When we bought an ugly 1950s three-bedroom house for £260,000 up the road in Denmark Hill with his redundancy money, I thought he was just going to knock a few walls down, tart it up and flog it. We would continue to live in our lovely, small but perfectly formed home while he got on with his special project all the hours of the day and Phoebe and I got on with our lives. I knew that Geof wouldn't want me twittering around, and I couldn't really read the plans that he had drawn up with the architect, Robert Dye, so I stayed away. When I finally took a look behind the hoardings, I was shocked to see a massive great hole. That's when I had to come to terms with the realisation that Geof was going to build a house from scratch – isn't that what all men want to do, really?
The final result, less then a year later, was an impressive Russian redwood-clad building with walls made from crushed rubble and junk, which looked completely different from all the other houses on the hill and yet didn't stick out like a sore thumb. Inside, it was all light and airy, with large windows at the front and back. From a tiny little spot, Geof had managed to make a five-bedroom home and I realised that I would have to transform myself from a hoarding, memento-collecting slut to a sophisticated, grown-up lady. So we got a lock-up where I shoved all our old stuff, while Geof went about buying furniture on eBay. The first was our B&B Italia green sofa, which is so lovely I don't want anyone but me sitting on; then there are the Eames rockers – they were originally designed for nursing mothers – and the Seventies G-plan cabinet.

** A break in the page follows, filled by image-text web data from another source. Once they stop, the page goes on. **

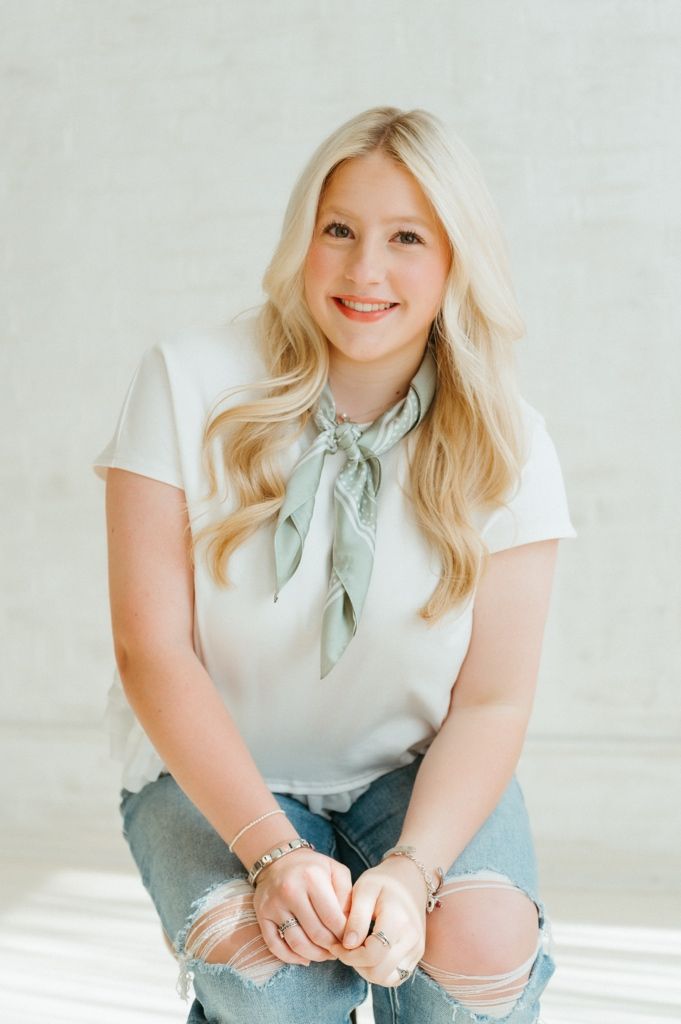 Smiling blonde woman in white top with sage green neck scarf and distressed jeans, sitting casually in bright studio.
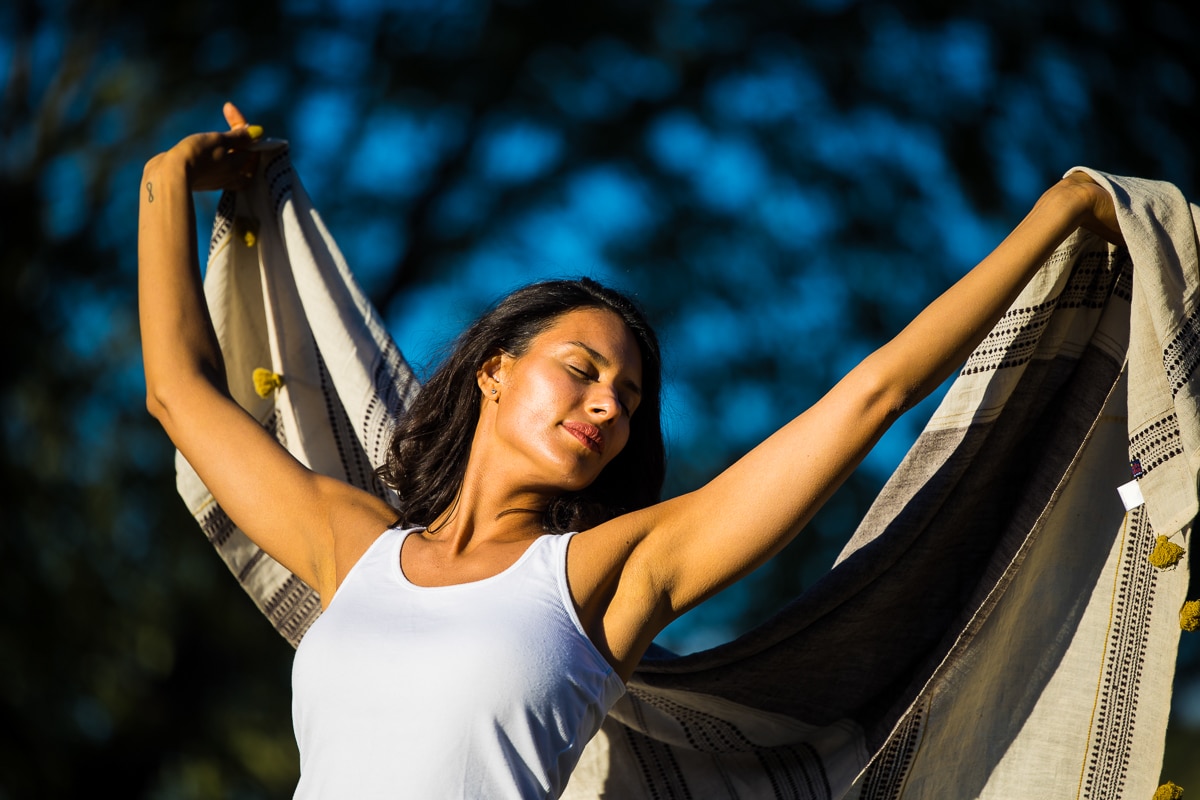 image of a woman holding her arms up with her blanket behind her as she closes her eyes and enjoys the sun and nature during her business branding session in Chambersburg pa 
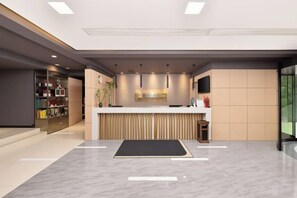 A modern reception area with a reception desk, a plant, and a counter with a television. - Jinjiang Inn Style (Huaxi District Xiahe Vanke Metropolis Store GuiyangGuizhou) (Guiyang)
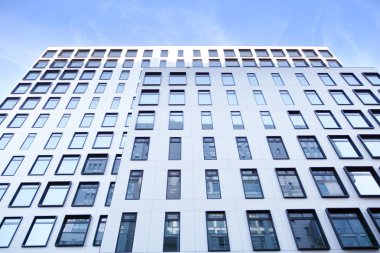 Modern Avrupa binası. Mavi gökyüzüne karşı birçok penceresi olan beyaz bir bina. Soyut mimari, modern şehir geometrisinin bir parçası.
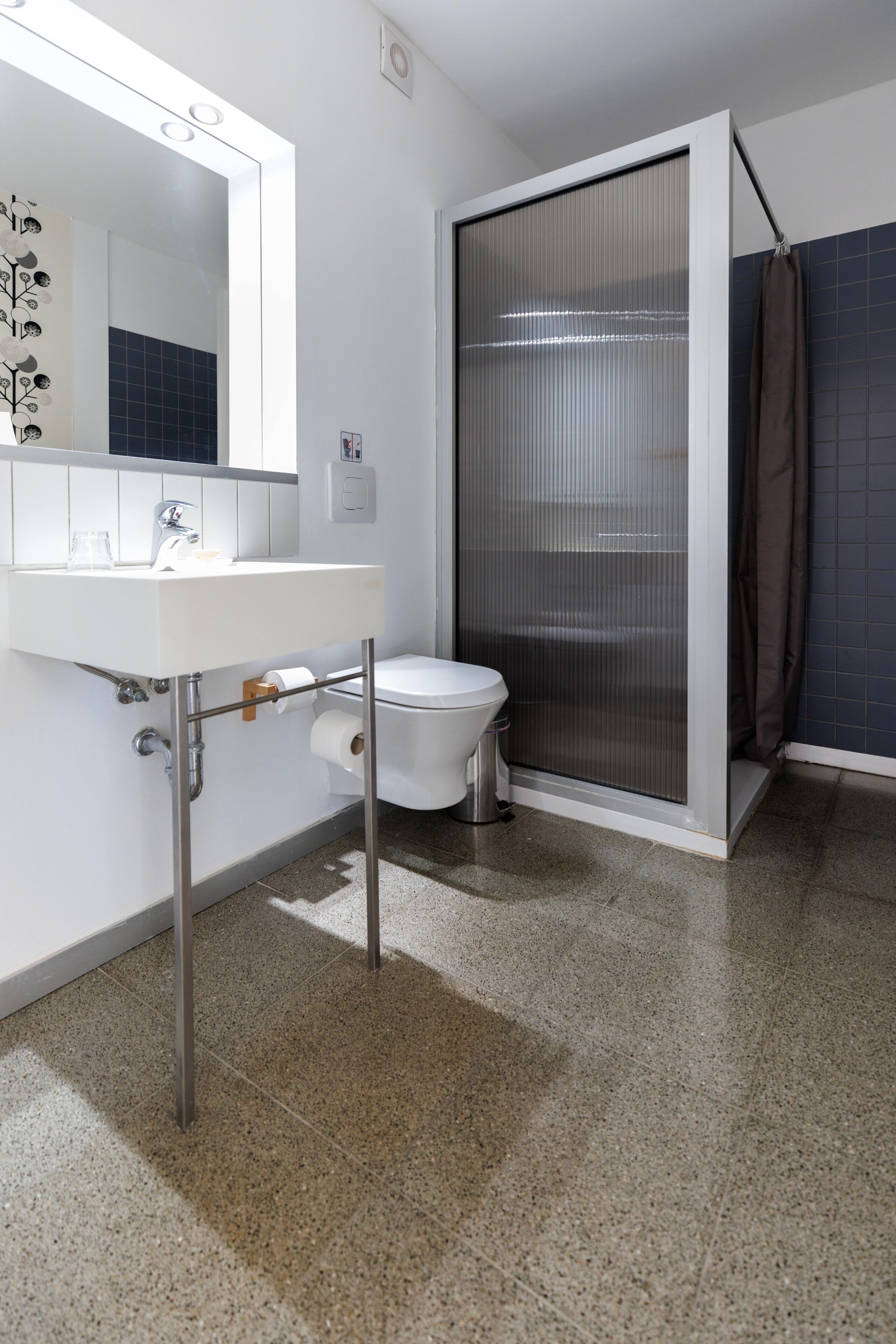 Een badkamer met een witte wastafel, toilet en douchecabine.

Gone are the teetering piles of old newspapers with an apple core on top, or the bunches of flowers shoved in a vase. Now, I have been known to give away perfectly attractive flowers simply because they don't quite go with our cool interior, and it really can't take those hideous Christmas gifts that would have just blended in to the scruffy interior of our old house. I have become more organised and ruthless about the way we live, and I think it keeps me saner and my head clearer. The light and space of the house does have a very calming effect on us all. It is so serene sitting downstairs in the kitchen and sitting-room, which lead out onto our bright courtyard. In the walled-off section of the sitting room there is a massive wood-burner hanging down that looks really like a giant testicle.

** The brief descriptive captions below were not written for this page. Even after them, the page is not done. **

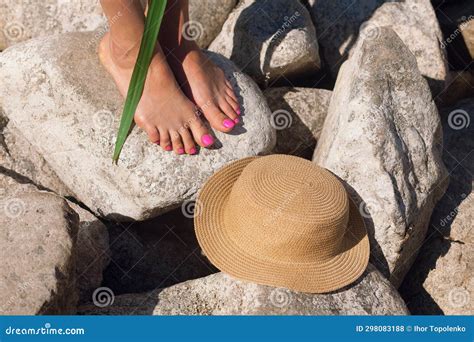 Female Tanned Legs With A Beautiful Pedicure On The Stones Near The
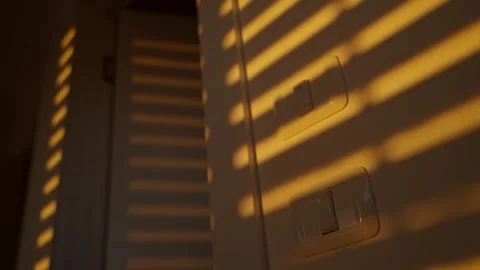 Shadow on a wall of electric or mechanical window opening or rolling up in 動画素材 310373692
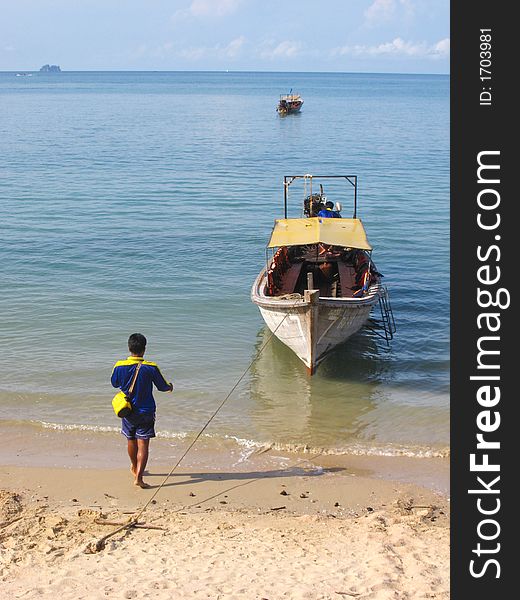 A driver and longboat taxi on a thai beach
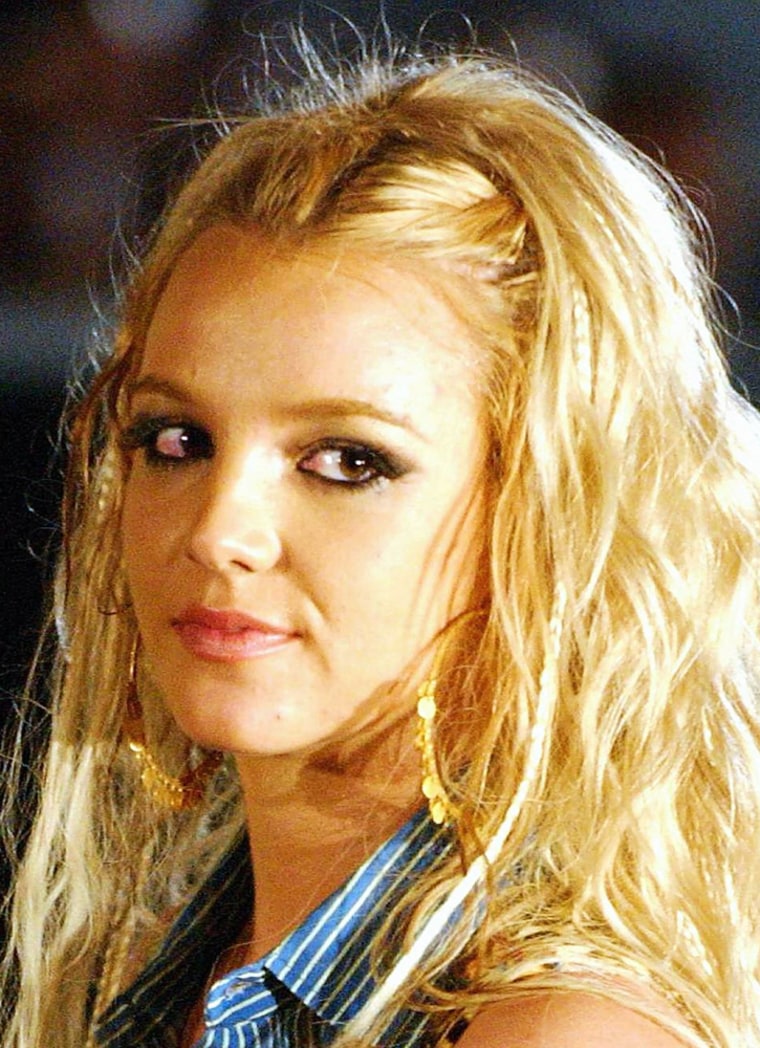 ** FILE ** Britney Spears appears on set filming her new video when she injured her knee, in this June 8, 2004 file photo in Queens, New York. (AP Photo/Jennifer Graylock, File)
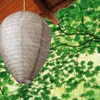 A wasp nest decoy hanging from a wooden overhang, with green foliage in the background. Produktbild-Vorschau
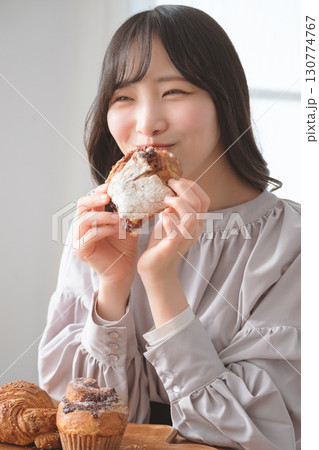 美味しそうにマフィンを食べる若い女性 130774767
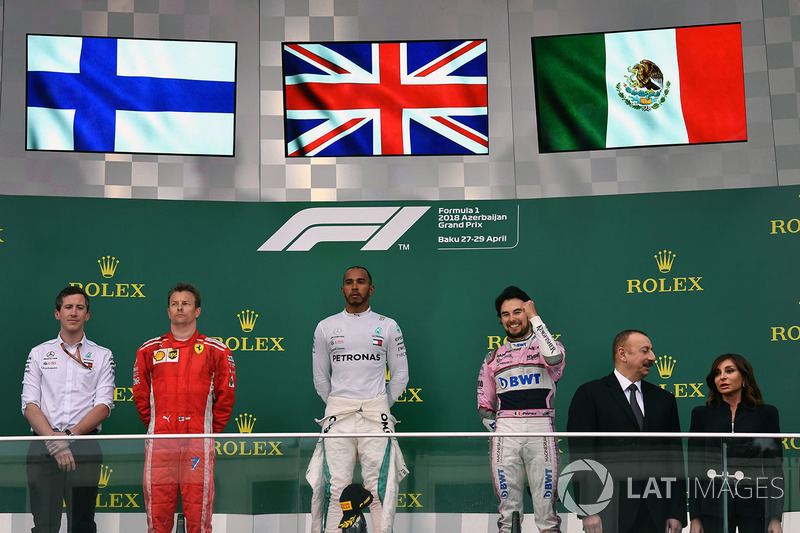 Kimi Raikkonen, Ferrari, Lewis Hamilton, Mercedes-AMG F1 and Sergio Perez, Force India on the podium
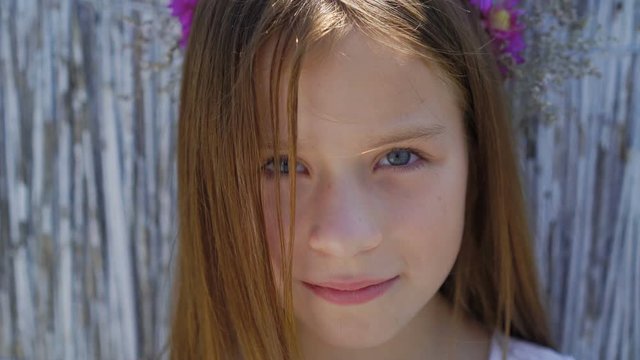 Portrait of little cute girl with pretty eyes on the background. 4K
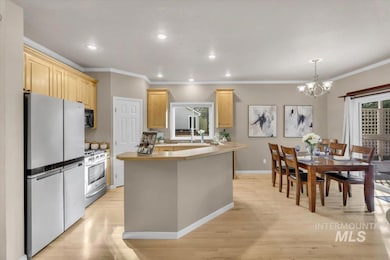 Kitchen featuring stainless steel appliances, a chandelier, light wood-style flooring, ornamental molding, and light brown cabinetry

Upstairs, MDF has been used liberally on the floors and cupboards, and Geof has managed to fit our lovely bedroom's bathroom with double sinks, dressing-room, splash-room, spare-room and my compact little study on the middle floor. His one concession to my love of boudoir chic is the Colefax and Fowler flock wallpaper behind the bed. The floor-to-ceiling doors really give the illusion of height, and the way you walk through the rooms in a slightly maze-like way makes it feel like a very big house. It really is a brilliant design.

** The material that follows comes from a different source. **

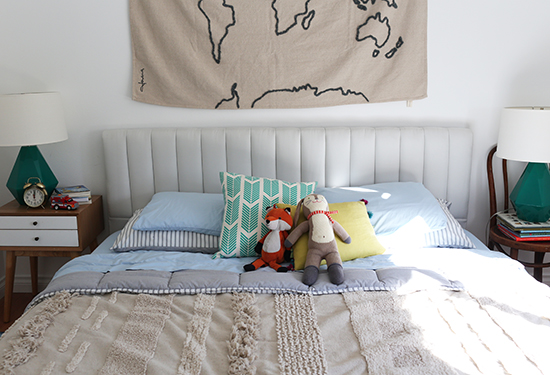 Boys room with map above bed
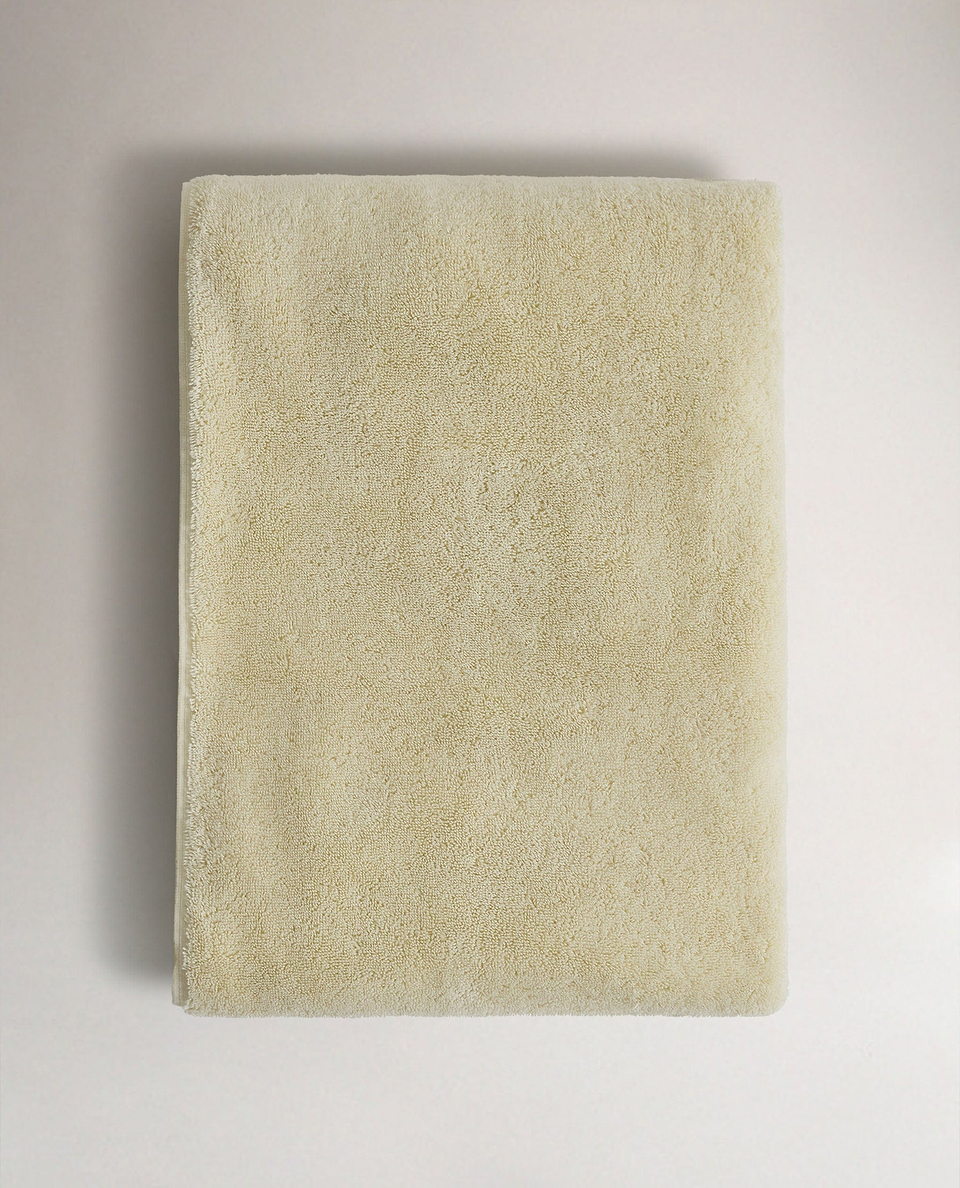 Top view of Rise & Fall's buttermilk ultra-absorbant Turkish cotton bath towel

It is also a great place to hang paintings and photographs; Geof has an excellent eye for buying art. We don't have much, but what we do have is very, very good. My favourite is the Nicola Hicks sculpture of a poodle and an etching by Tracey Emin of a pubescent female nude, which hangs in my study – a few people have said it looks like me because I have such small boobs. But it isn't.
Phoebe's room is right at the top. It looks like a bomb has hit it with 1,000 photos of her at the Reading and Edinburgh festivals, and all her books and clothes lying around. I nag her about it, but I have to say that I would probably be a bit worried if she had fallen in with the minimalist aesthetic. It wouldn't really be right for an 18-year-old.
She's off to university soon and, in a way, that is the key to why Geof and I both see this house as a natural progression. It's the perfect "verge of an empty nest" house, because it is not really a family home – you couldn't have toys strewn around, or nappies everywhere. Everything is on display, because there are no cupboards under the stairs to chuck stuff into.
It would be much harder if it was just us kicking around the old house with her suddenly not there. There would be memories of her as an adorable toddler in every nook and cranny making me weep, and we would be kicking around, feeling lost. Here everything has a place, an order and no history. A place like this makes you feel much braver.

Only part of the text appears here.